It’s the oldest trick in the book: Past-prime pop singer attempts to boost his or her relevance in the face of dwindling sales and hastily changing trends by commissioning the help of a hotter, more bankable artist. Tony Bennett and Lady Gaga’s Cheek to Cheek is the latest product of such a collaboration—except I’m not referring to the octogenarian Bennett, who, after 60-plus years in the business, is selling more albums than ever before, but to Gaga, whose free-fall from the upper echelons of pop has been as precipitous as her rise was meteoric.
Despite her claims that she grew up listening to the jazz greats, Gaga comes off more as a dilettante than an aficionado on Cheek to Cheek, a collection of duets with the seasoned Bennett. (Between Madonna, Bowie, Mötley Crüe, and now Ella and Billie, it’s hard to keep track of just how many posters adorned her bedroom walls as a child.) On songs like the Cole Porter standard “Anything Goes” and the title track, Gaga sounds like what she thinks a jazz singer should sound like; her performances are blatantly affected, marred by shouting and clichéd phrasing. She displays a total dearth of the vocal precision and enunciation that made her so-called idols the masters they were; her timbre on eden ahbez’s “Nature Boy,” for instance, is wildly inconsistent, shifting from soft and almost pleasant to parodic and comical, often within just a few short bars.
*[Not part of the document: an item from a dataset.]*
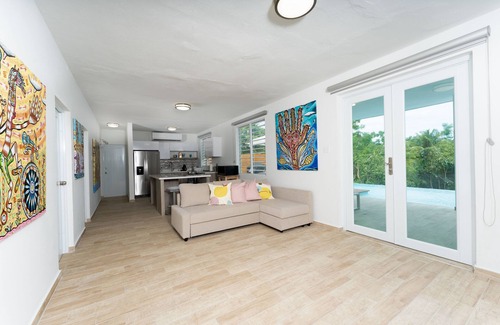 Barrero House | Paradise House W. Pool Nearby the Beach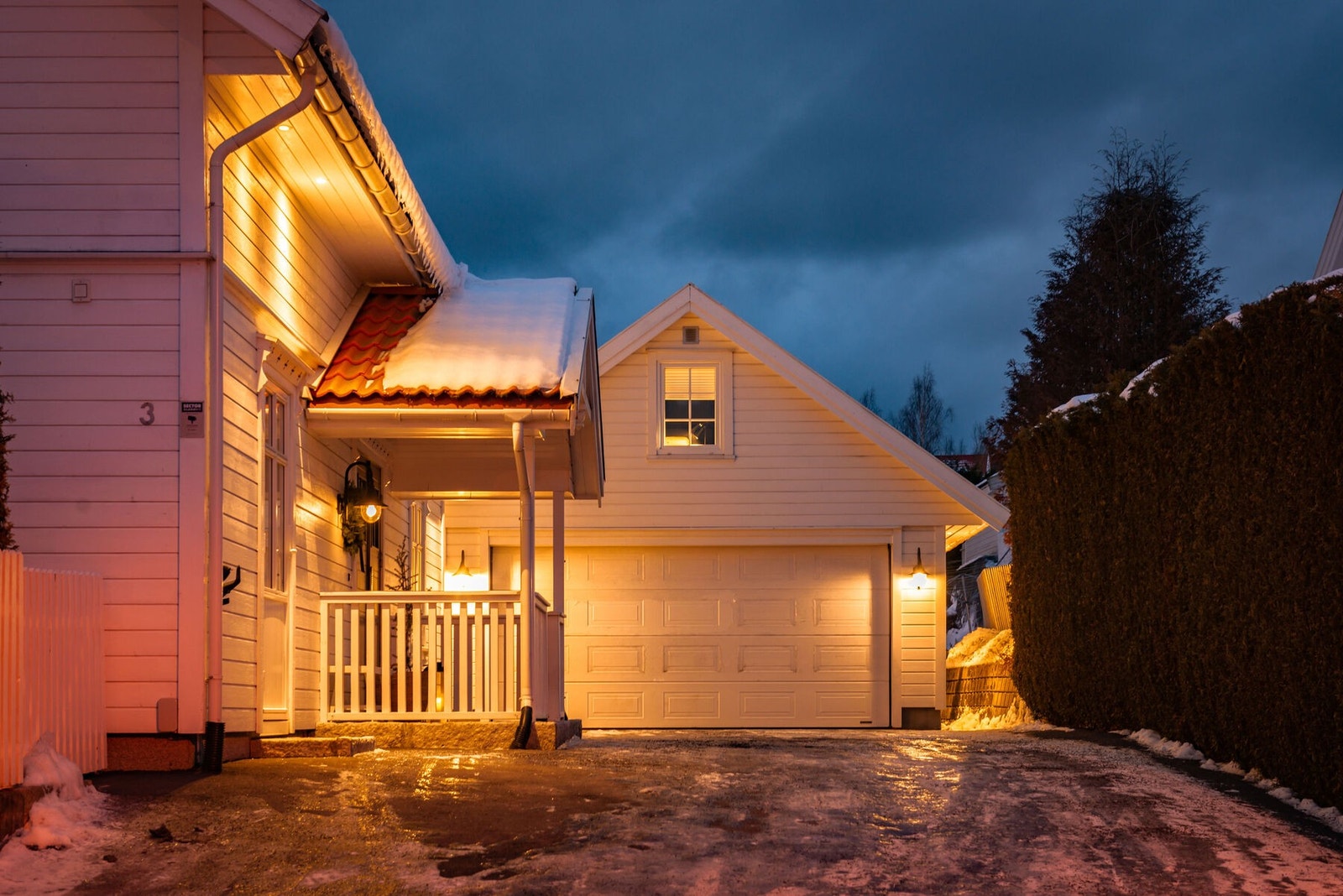 På inngangssiden har boligen en asfaltert gårdsplass med gode muligheter for parkering. Galleribilde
Bennett doesn’t fare a whole lot better, his otherwise charming performances strained throughout. The pair’s solo efforts, particularly Gaga’s clumsy interpretation of Billy Strayhorn’s “Lush Life” and Bennett’s surprisingly pitchy rendition of Duke Ellington’s “Sophisticated Lady,” only serve to spotlight their shortcomings. The 88-year-old Bennett, who’s managed to stretch his career into not just a second, but third act, obviously deserves some slack, but for a singer who isn’t even 30, Gaga’s voice is shockingly rough-hewn, especially on “I Can’t Give You Anything But Love” and “I Won’t Dance.” Even when all that’s required of her is cheeky, spoken repartee on “Goody Goody,” her persistent vocal fry is insufferable. If not for the session musicians’ top-notch work, including Joe Lovano’s virtuosic tenor sax solos, much of Cheek to Cheek, which drags at an economical 45 minutes, would sound like glorified karaoke.